What the task asks:
Excluding every picture, print exactly the lines from the one containing "Waiting Area at" through the end of the material below, both ends included.

Data under study:
* * *
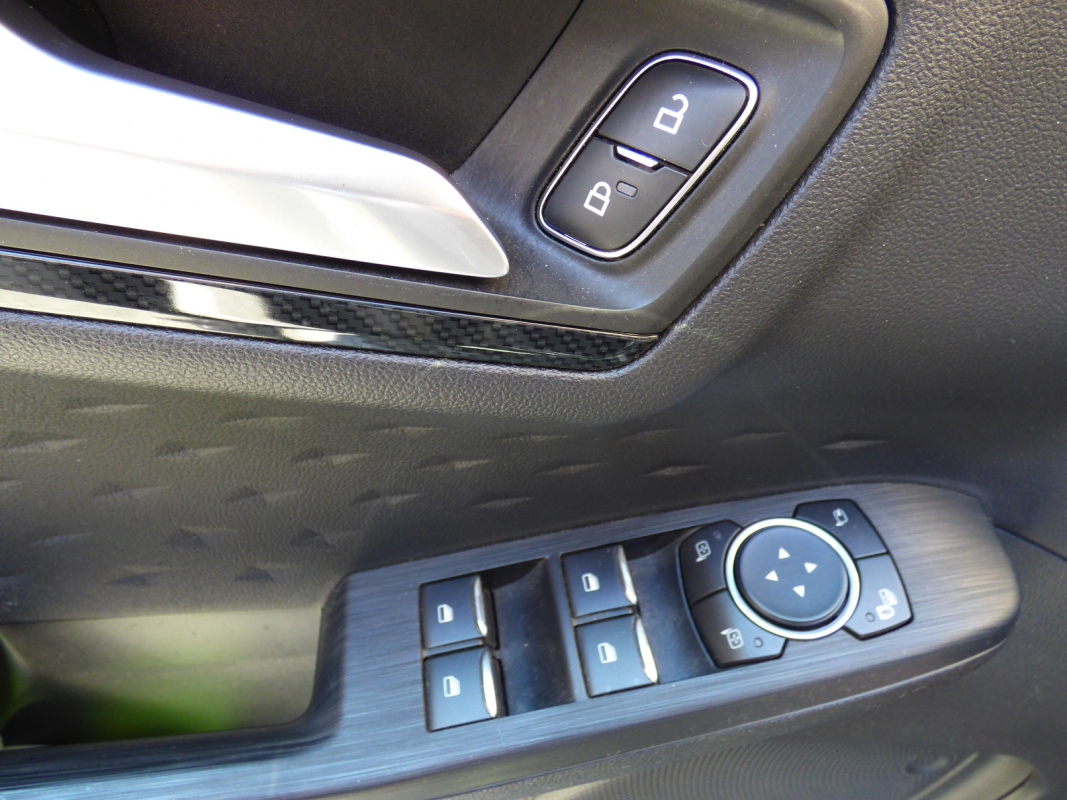 Ford Kuga — 17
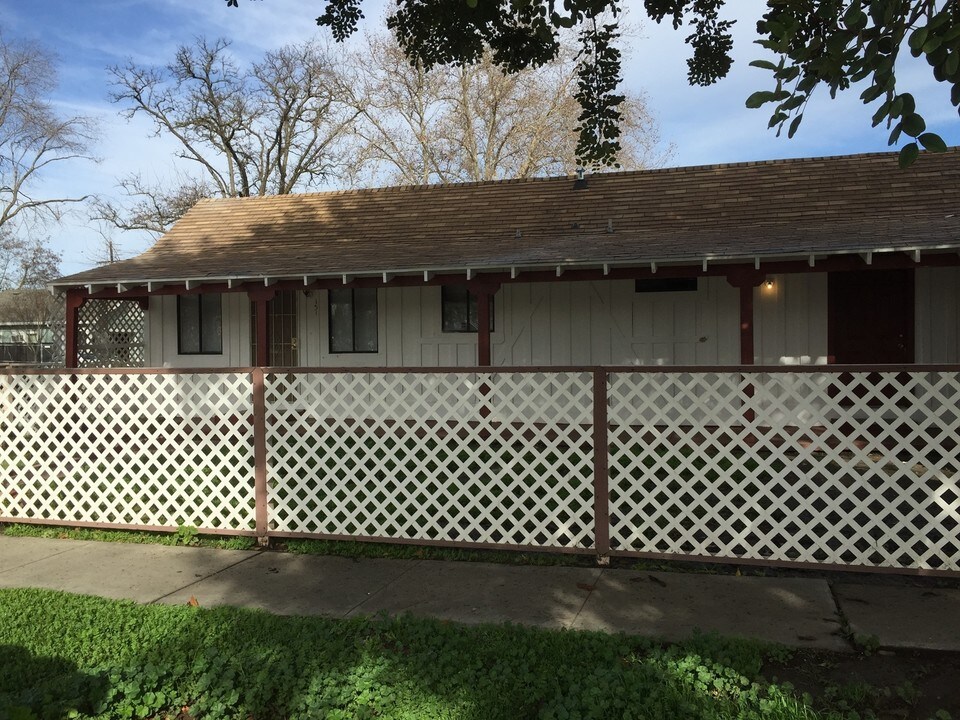 151 W 9th St in Tracy, CA - Building Photo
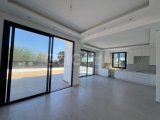 Girne Karşıyaka’da Yaşama Hazır 3+1 Modern Villa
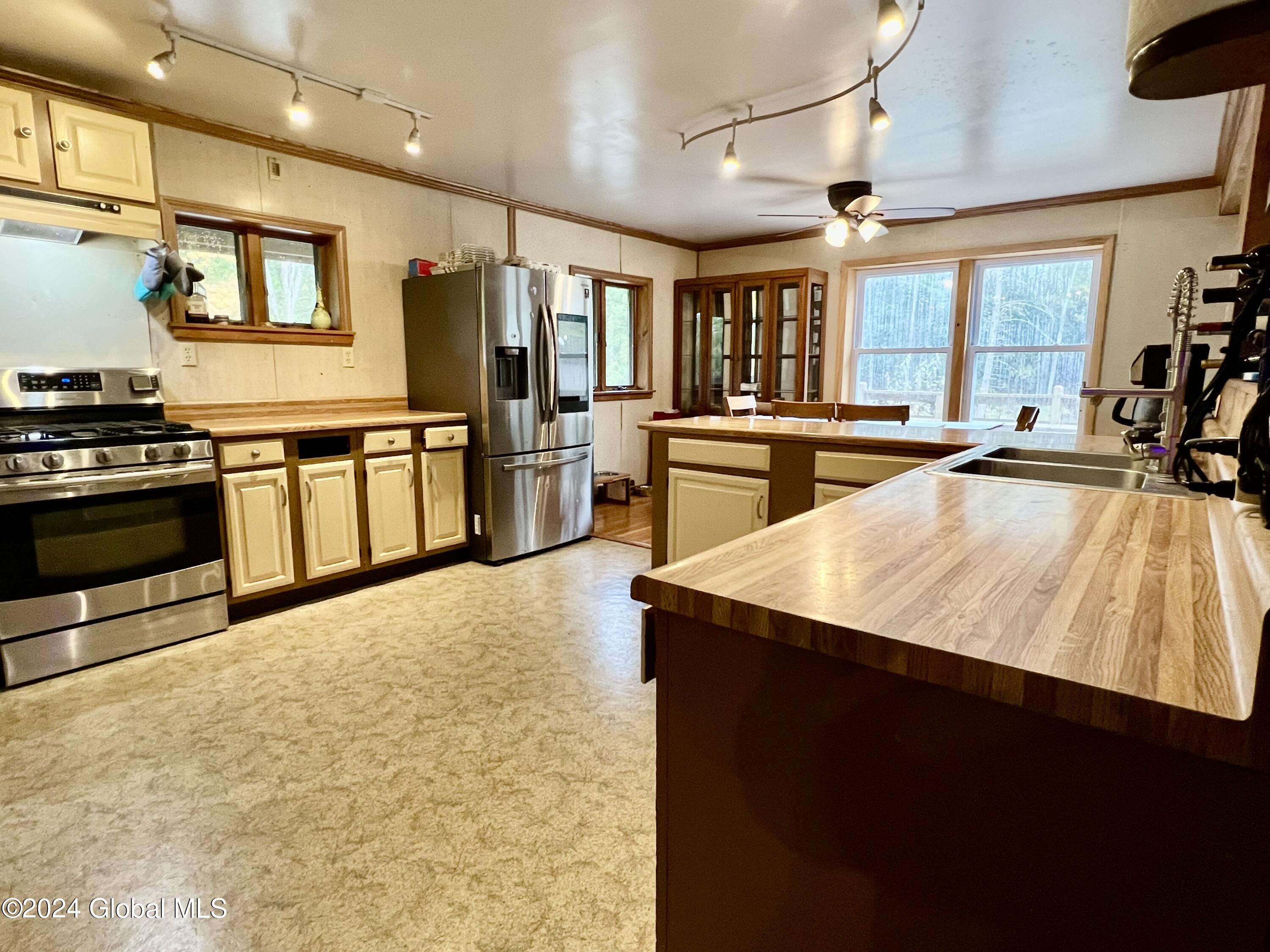 68 Grogan Road Hoosick Falls, NY 12090 - Photo 4 of 28 IMG_6367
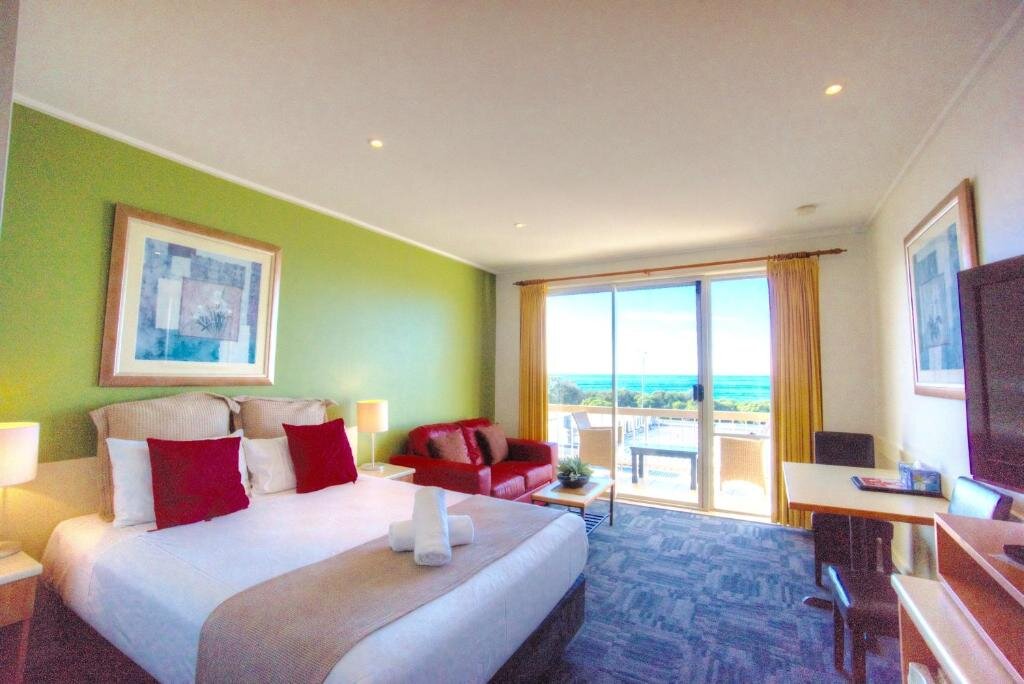 Executive Double room with ocean view The Sandridge Motel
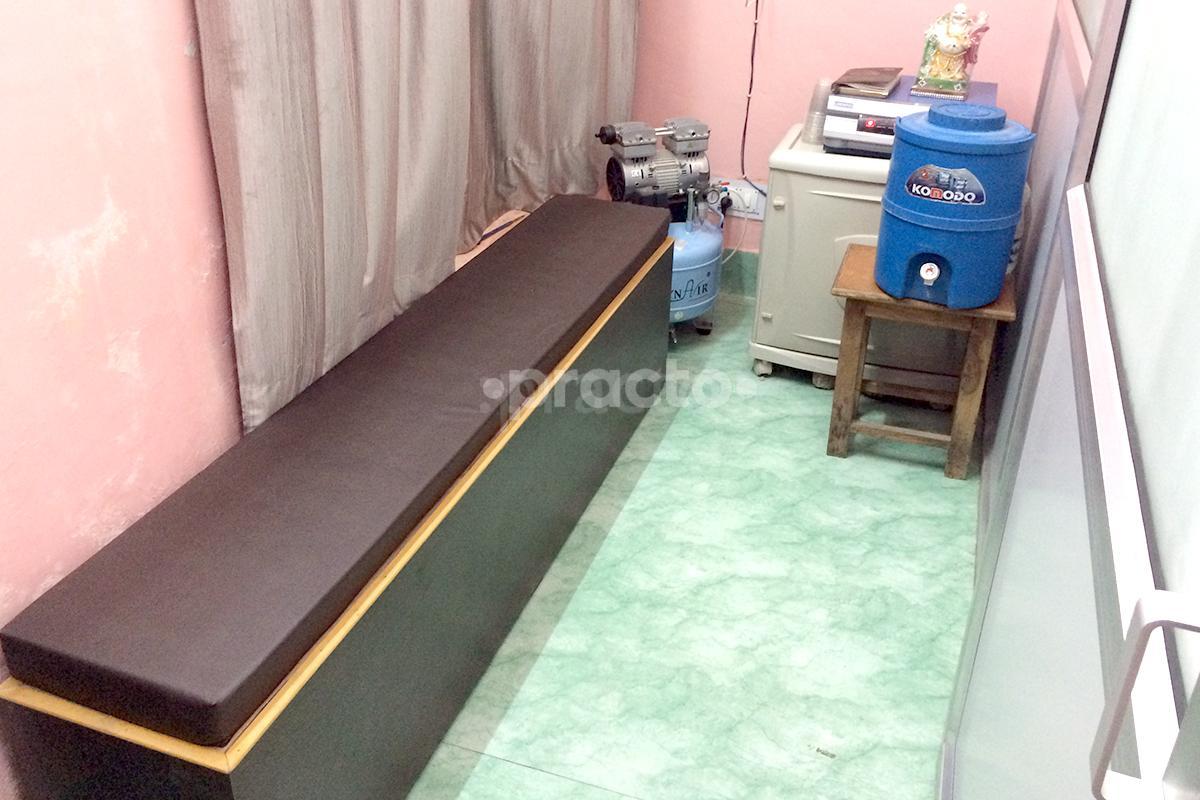 Waiting Area at Vinayak Dental Care Centre Alambagh Lucknow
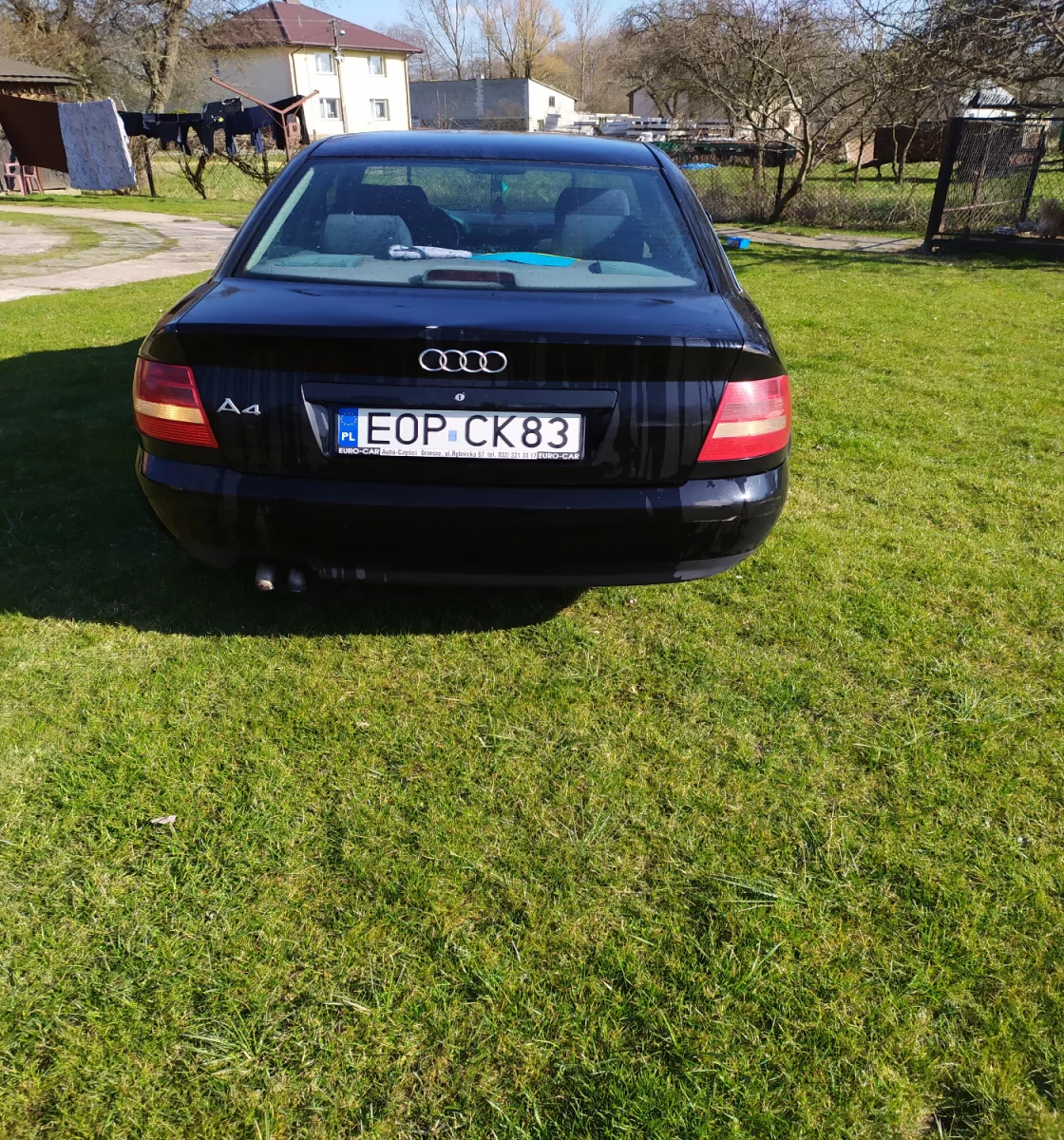 Samochód Osobowy czterodrzwiowy Audi A4 2.5 tdi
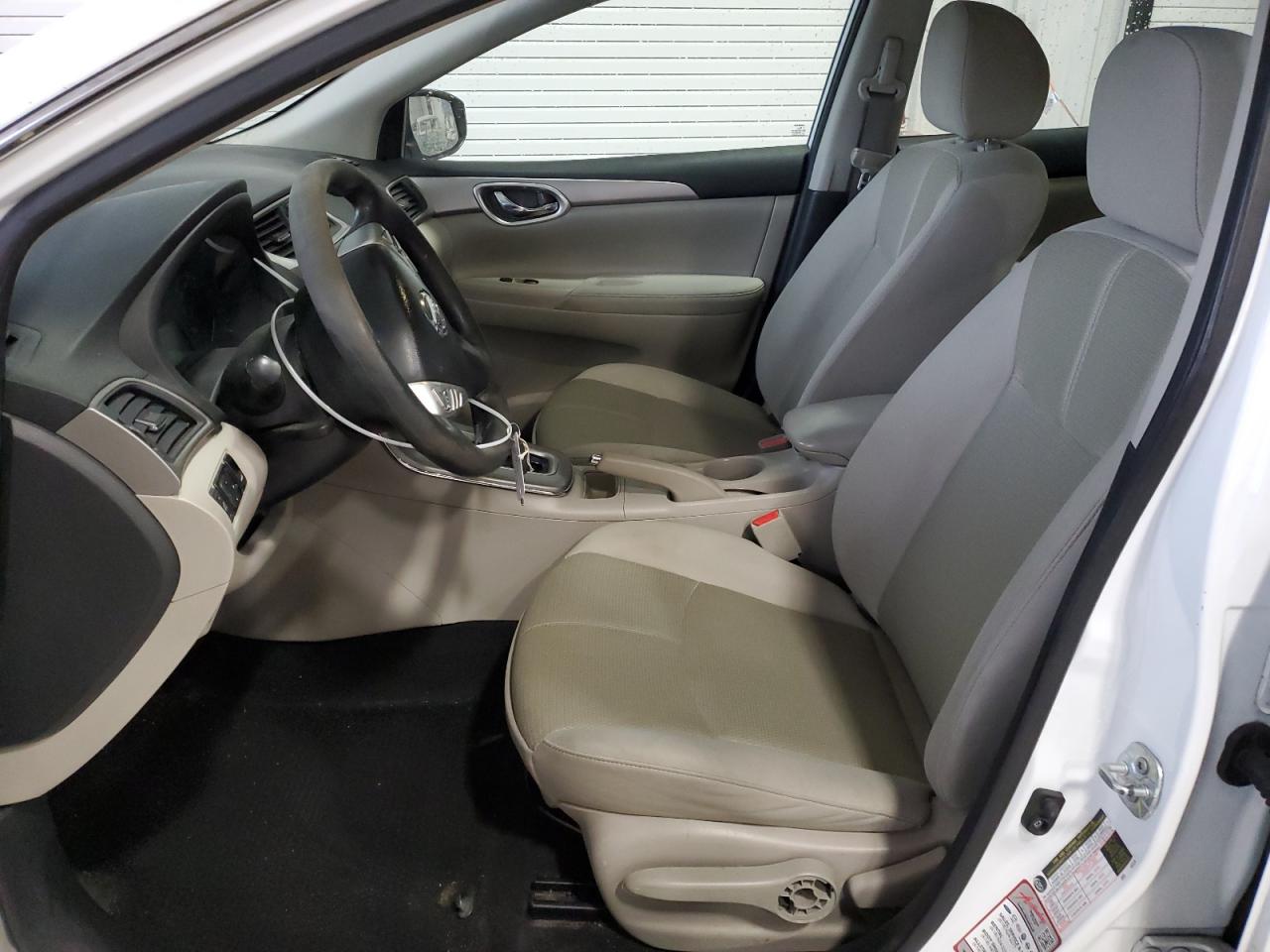 2015 Nissan Sentra - Image 7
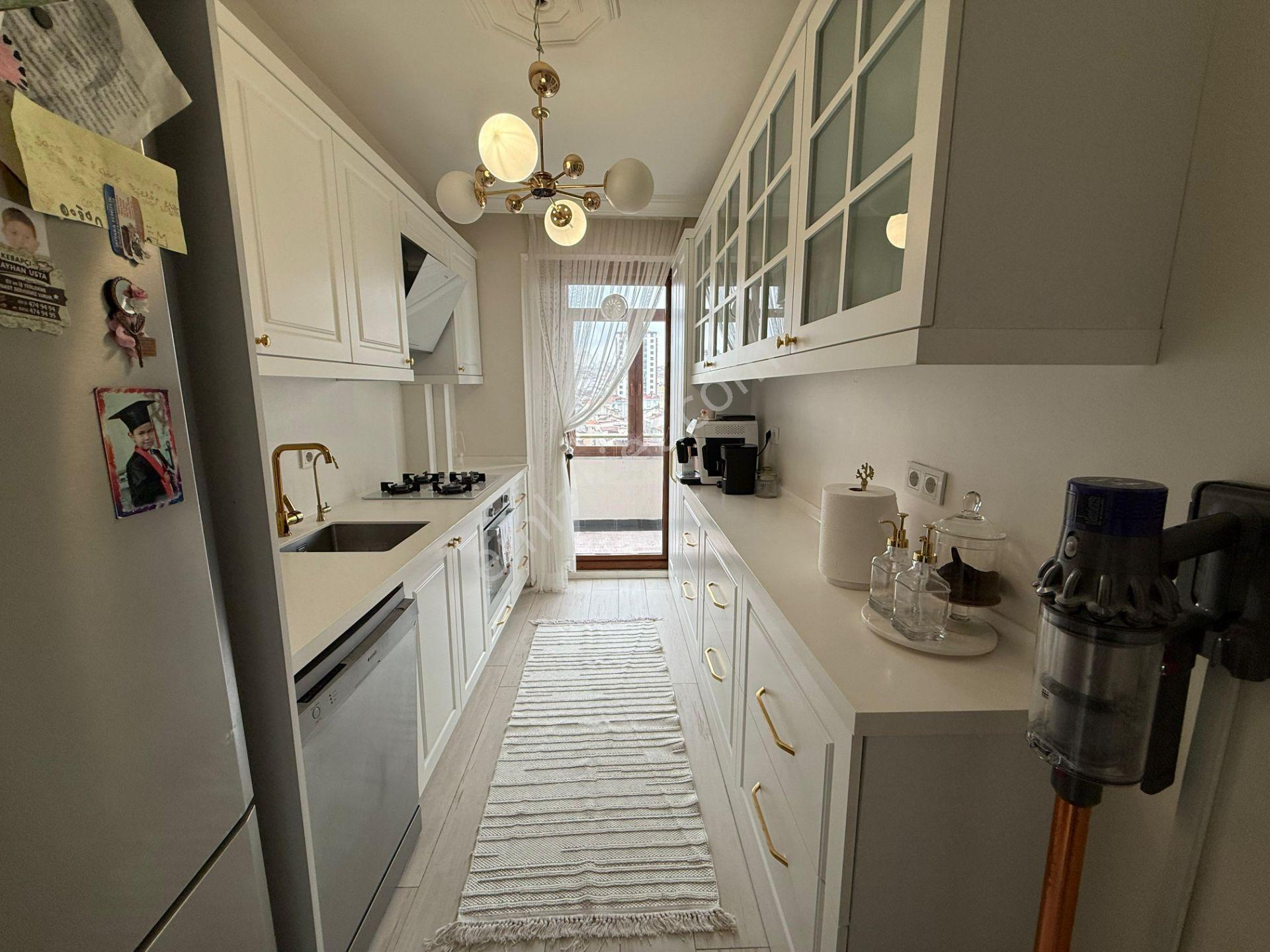 Remax'tan Hanem İstanbul Sitesinde Satılık 2+1 Havuzlu Daire - Görsel 13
* * *
Task solution:
 Waiting Area at Vinayak Dental Care Centre Alambagh Lucknow
 Samochód Osobowy czterodrzwiowy Audi A4 2.5 tdi
 2015 Nissan Sentra - Image 7
 Remax'tan Hanem İstanbul Sitesinde Satılık 2+1 Havuzlu Daire - Görsel 13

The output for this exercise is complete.